What you have to do. Output the data verbatim, minus the images.
Provided records START
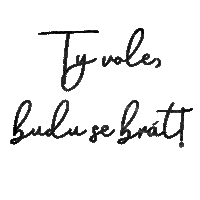 Wedding Svatba Sticker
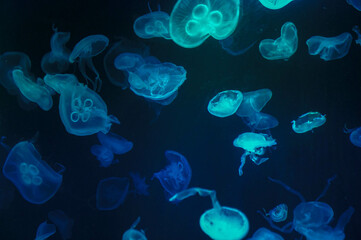 jellyfish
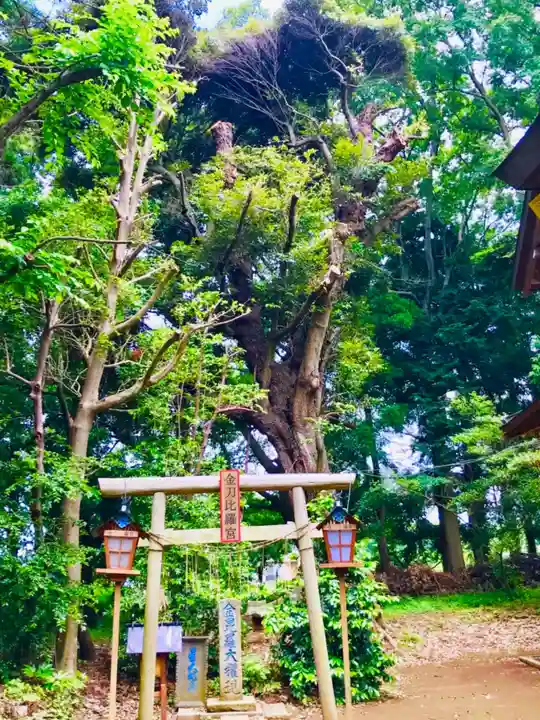 星宮神社の末社・摂社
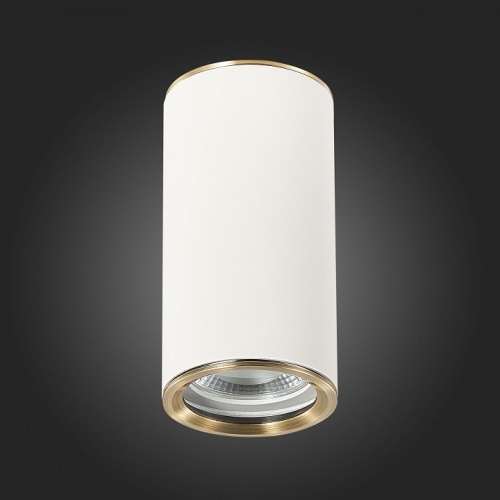 Накладной светильник ST-Luce Chomus ST111.537.01 в Нижнем Новгороде фото 2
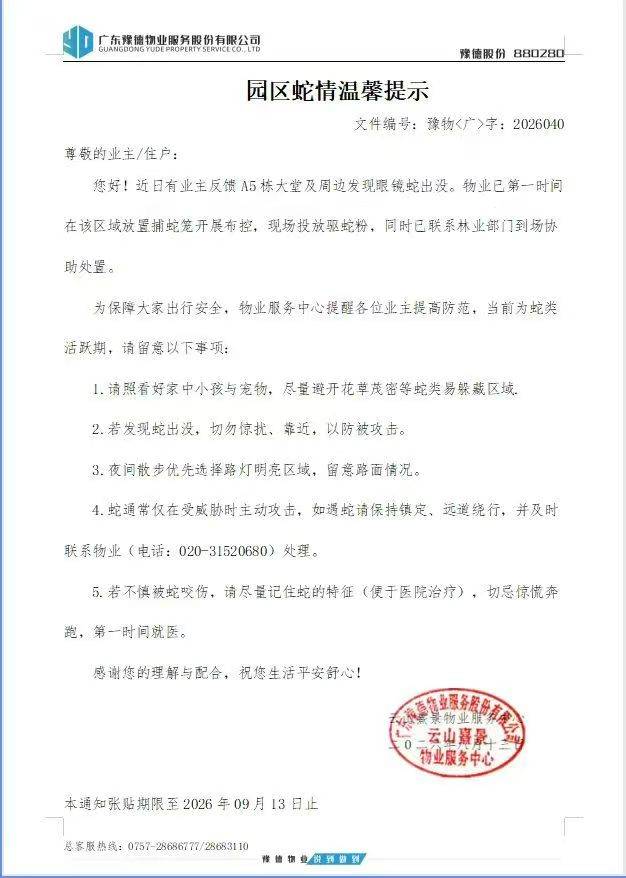 廣州一小區頻繁出現眼鏡蛇？市野保辦：清理雜物讓蛇主動撤離｜粵政通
Provided records END
Solution.
 Wedding Svatba Sticker
 jellyfish
 星宮神社の末社・摂社
 Накладной светильник ST-Luce Chomus ST111.537.01 в Нижнем Новгороде фото 2
 廣州一小區頻繁出現眼鏡蛇？市野保辦：清理雜物讓蛇主動撤離｜粵政通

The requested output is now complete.